Iran’s Parliament has passed Article 22 of the controversial family protection act requiring the registration of temporary marriages. The article has been amended however to make registration of temporary marriages only obligatory in certain cases such as those invovling a pregnancy.
Iranian media report that Parliament approved the registration of temporary marriages with a vote of 104 to 6, with 12 abstentions.
The article calling for the registration of temporary marriages without any conditions was written with an eye to protecting the rights of women who become a man’s second or third wife. Children produced by such unions have no legal rights when a marriage is not registered.
Setareh Hedayatkhah, a spokeswoman for Parliament’s Cultural Commission, had proposed that no conditions should be put on the registration of temporary marriages, and that registration should be compulsory for all of them.

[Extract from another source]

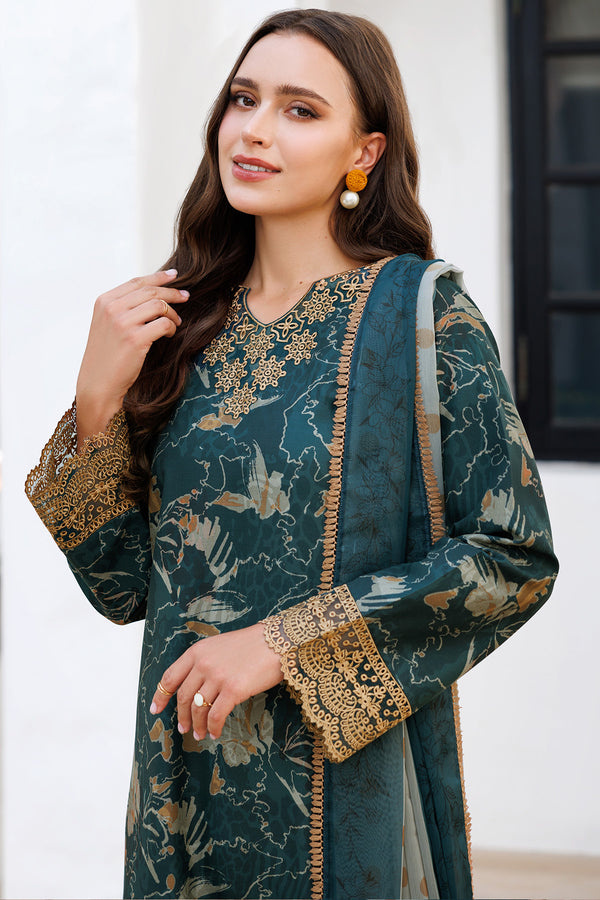 Farasha | Printed Essentials | Teal Bell - Official Farasha stockist in UK - Sakeena London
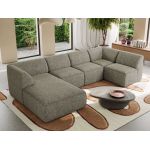 Narożnik MODARO U 5M - strona lewa - szary, struktura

“The lack of registration and the lack of an obligation to do so will harm people’s lives, especially those of women, and it only benefits irresponsible men.”
Her proposal was turned down, however, with Mohammad Dehghan, a member of Parliament’s Legal and judicial Commission, stating that the main appeal of temporary marriages is that they remain unregistered. He said: “Family issues, especially marriage, are among the most private matters in an individual’s life, and lawmakers must not interfere so deeply in people’s private affairs.”
Last year, Zahra Rahnavard, the opposition leader and former head of Al-Zahra University who is now under house arrest, described the so-called Family Protection Law as harmful to the institution of family and she called for its removal from Parliament’s agenda.
Women’s rights groups and even members of conservative women’s groups have also protested the law, saying that despite its aim to protect the rights of women and the offspring of such unions, ultimately it paves the way for polygamy, which is in essence a violation of gender equality.